* **TASK REQUIREMENTS**: Set down exactly the lines from the one containing "1405 Armstrong Dr, Desoto, TX 75115" through the end of the records below, both included, and nothing else.

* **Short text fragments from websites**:
#####
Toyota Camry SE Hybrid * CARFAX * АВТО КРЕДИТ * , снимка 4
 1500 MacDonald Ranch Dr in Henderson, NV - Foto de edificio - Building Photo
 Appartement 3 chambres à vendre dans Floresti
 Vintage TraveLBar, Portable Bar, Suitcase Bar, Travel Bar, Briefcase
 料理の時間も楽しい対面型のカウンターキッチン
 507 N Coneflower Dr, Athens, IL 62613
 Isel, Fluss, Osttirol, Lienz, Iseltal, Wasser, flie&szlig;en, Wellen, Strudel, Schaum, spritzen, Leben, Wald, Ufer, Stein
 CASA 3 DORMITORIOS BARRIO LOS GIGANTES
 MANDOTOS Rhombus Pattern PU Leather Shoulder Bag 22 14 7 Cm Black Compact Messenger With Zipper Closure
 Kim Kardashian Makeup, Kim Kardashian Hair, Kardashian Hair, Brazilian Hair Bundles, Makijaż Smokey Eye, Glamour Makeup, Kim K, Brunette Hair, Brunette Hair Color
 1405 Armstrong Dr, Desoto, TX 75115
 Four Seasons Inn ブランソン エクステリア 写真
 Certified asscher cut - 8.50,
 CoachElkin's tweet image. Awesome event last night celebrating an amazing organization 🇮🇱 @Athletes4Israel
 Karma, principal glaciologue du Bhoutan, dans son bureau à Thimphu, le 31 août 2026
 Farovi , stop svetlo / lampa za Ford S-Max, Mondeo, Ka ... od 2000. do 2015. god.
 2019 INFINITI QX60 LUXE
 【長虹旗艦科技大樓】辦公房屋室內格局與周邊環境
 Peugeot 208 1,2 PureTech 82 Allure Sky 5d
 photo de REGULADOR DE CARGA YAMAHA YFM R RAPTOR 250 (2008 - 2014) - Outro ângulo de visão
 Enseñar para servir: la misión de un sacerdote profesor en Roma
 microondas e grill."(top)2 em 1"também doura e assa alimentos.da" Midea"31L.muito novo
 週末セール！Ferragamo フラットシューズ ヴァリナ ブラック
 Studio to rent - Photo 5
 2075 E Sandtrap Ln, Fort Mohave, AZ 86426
#####
* **THE ANSWER**:
 1405 Armstrong Dr, Desoto, TX 75115
 Four Seasons Inn ブランソン エクステリア 写真
 Certified asscher cut - 8.50,
 CoachElkin's tweet image. Awesome event last night celebrating an amazing organization 🇮🇱 @Athletes4Israel
 Karma, principal glaciologue du Bhoutan, dans son bureau à Thimphu, le 31 août 2026
 Farovi , stop svetlo / lampa za Ford S-Max, Mondeo, Ka ... od 2000. do 2015. god.
 2019 INFINITI QX60 LUXE
 【長虹旗艦科技大樓】辦公房屋室內格局與周邊環境
 Peugeot 208 1,2 PureTech 82 Allure Sky 5d
 photo de REGULADOR DE CARGA YAMAHA YFM R RAPTOR 250 (2008 - 2014) - Outro ângulo de visão
 Enseñar para servir: la misión de un sacerdote profesor en Roma
 microondas e grill."(top)2 em 1"também doura e assa alimentos.da" Midea"31L.muito novo
 週末セール！Ferragamo フラットシューズ ヴァリナ ブラック
 Studio to rent - Photo 5
 2075 E Sandtrap Ln, Fort Mohave, AZ 86426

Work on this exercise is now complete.